Set down only the lines from the one containing "Alerta, happy hour." through the final line of the entries below, exactly as they stand, with no pictures.

Entries supplied.

--- START ---

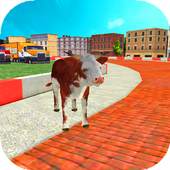 Animal Racing : Cow 1.0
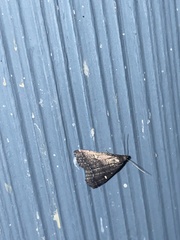 Tetanolita mynesalis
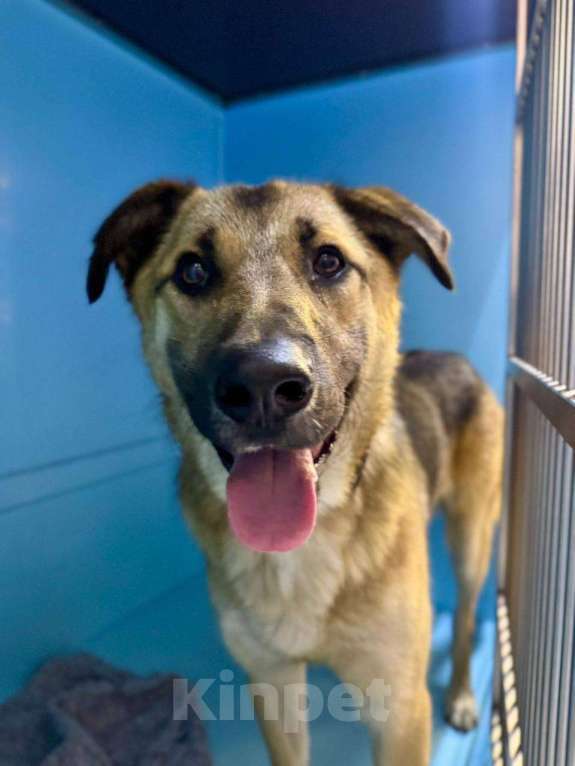 Собаки в Москве: Добрейший Трошенька ищет дом Мальчик, Бесплатно - фото 1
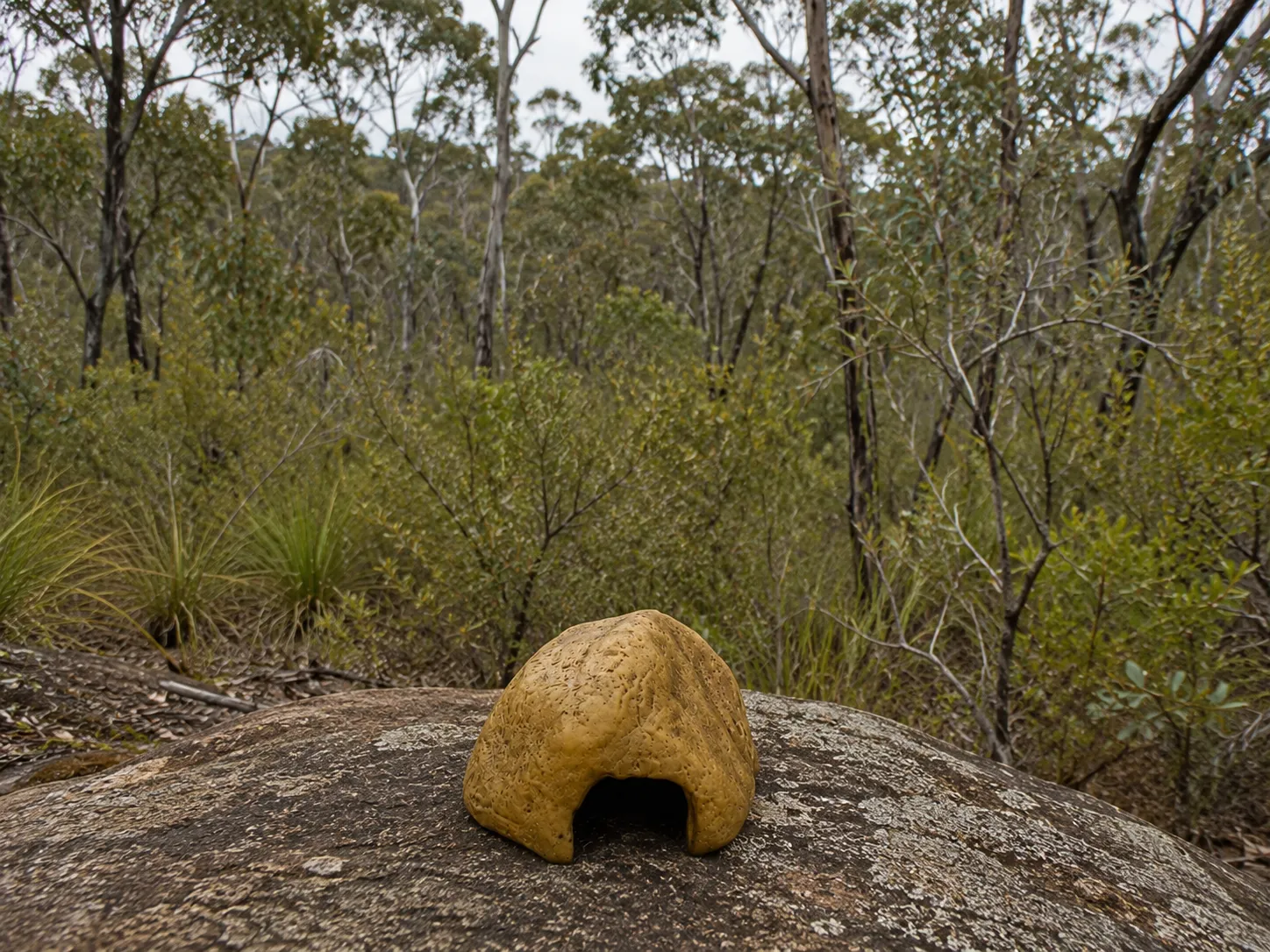 Small Resin Rock Hide Bush Background 603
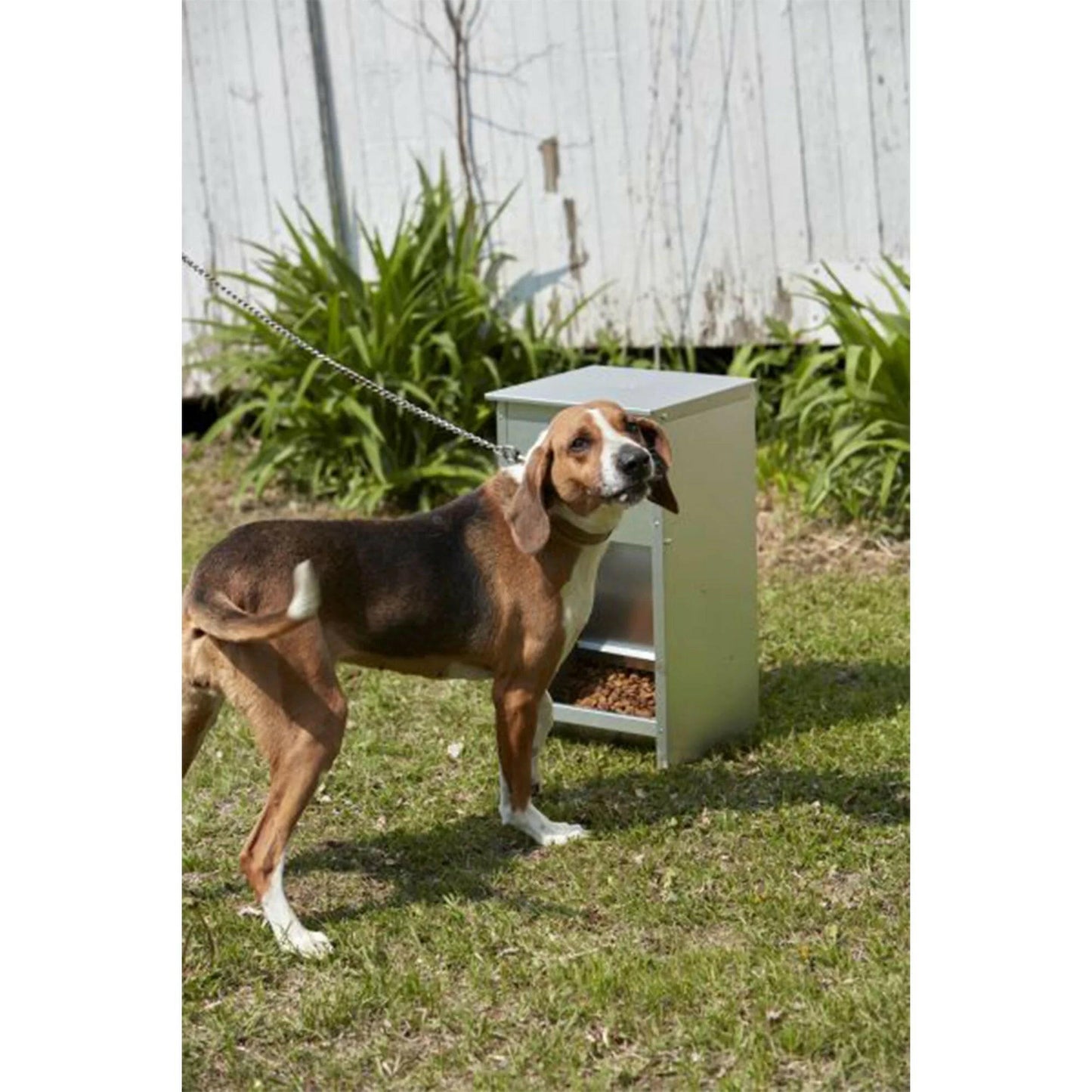 Dry Food Automatic Steel Dog Feeder Chow Hound 25 Pound Capacity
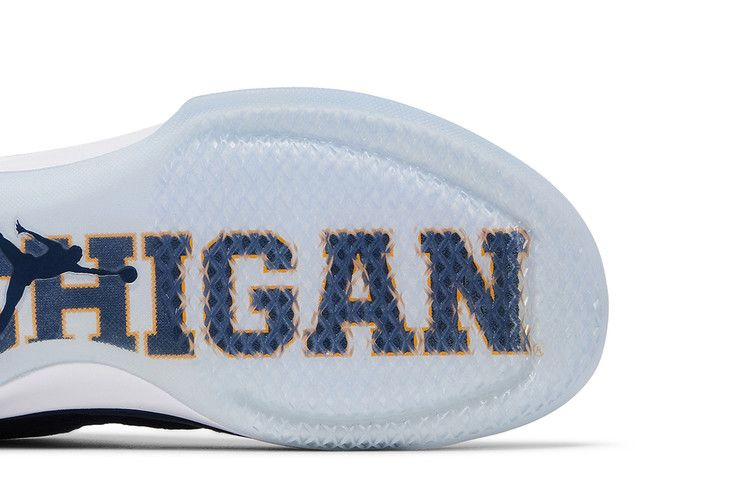 air-jordan-31-low-michigan-897564-425_04
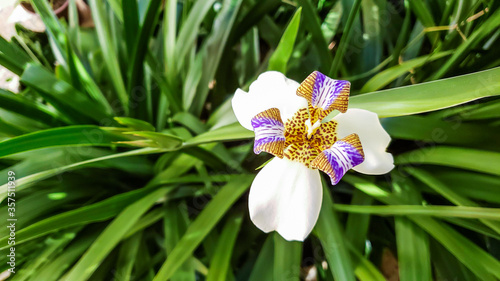 Neomarica candida known as iris-da-praia commonly used in home gardens and landscaping. Isolated flower in green backgroud.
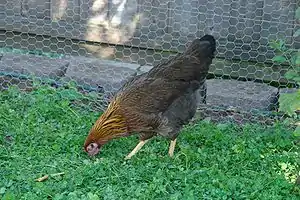 Welsumer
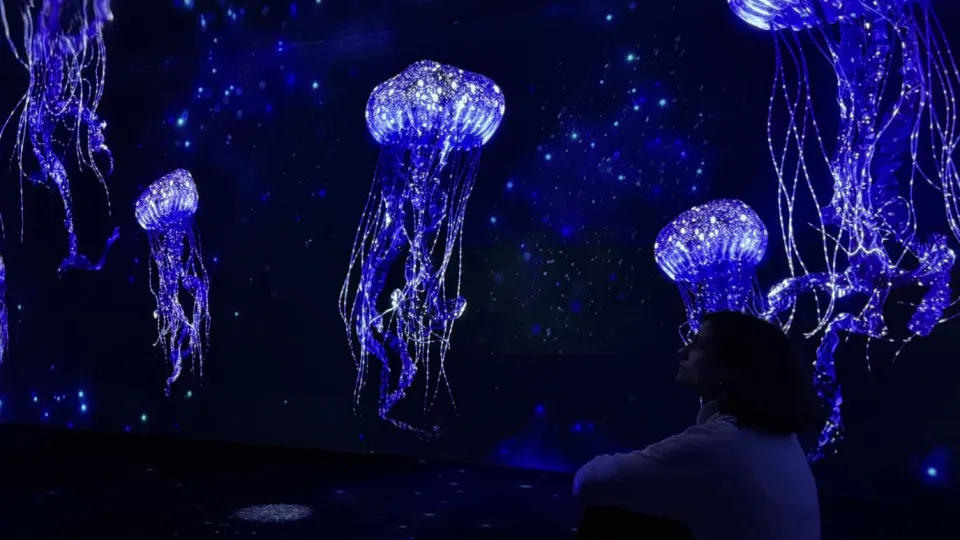 Alerta, happy hour. Oceanário de Lisboa está com bilhetes a 13 euros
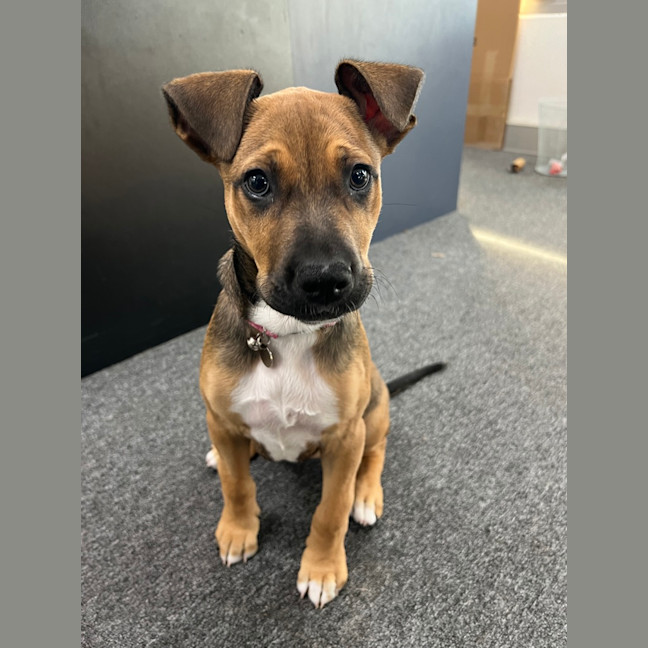 Photo of Matilda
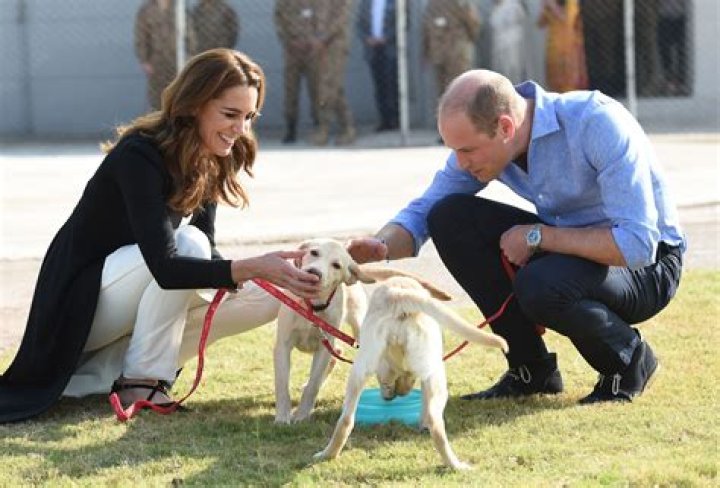 Pregnant Kate Middleton Takes Dog Lupo For A Walk In Hyde Park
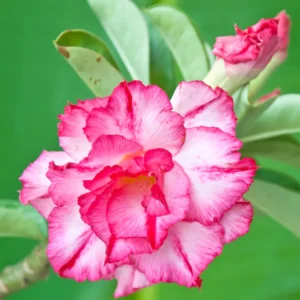 4 Desert Rose Plants Live, Desert Rose Plants Live In Flower Pot 3 To 4 Inches Tall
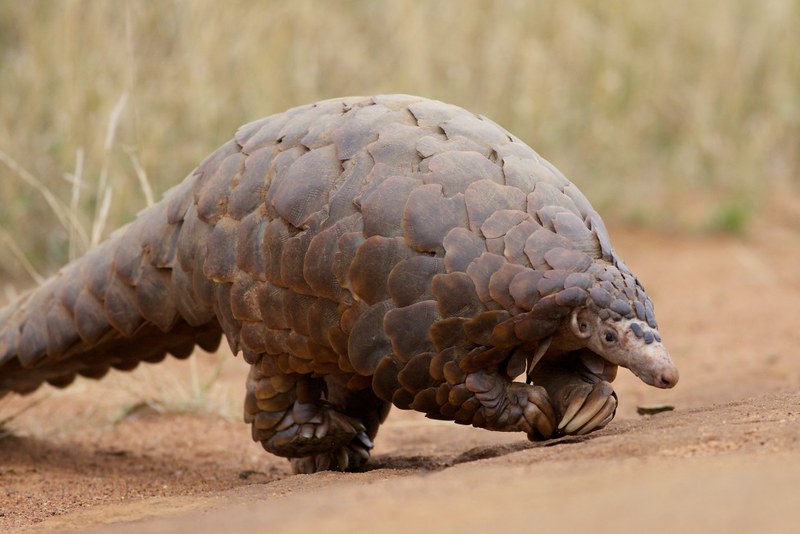 Le pangolin est le mammifère le plus braconné au monde !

--- END ---

Output of the exercise.
 Alerta, happy hour. Oceanário de Lisboa está com bilhetes a 13 euros
 Photo of Matilda
 Pregnant Kate Middleton Takes Dog Lupo For A Walk In Hyde Park
 4 Desert Rose Plants Live, Desert Rose Plants Live In Flower Pot 3 To 4 Inches Tall
 Le pangolin est le mammifère le plus braconné au monde !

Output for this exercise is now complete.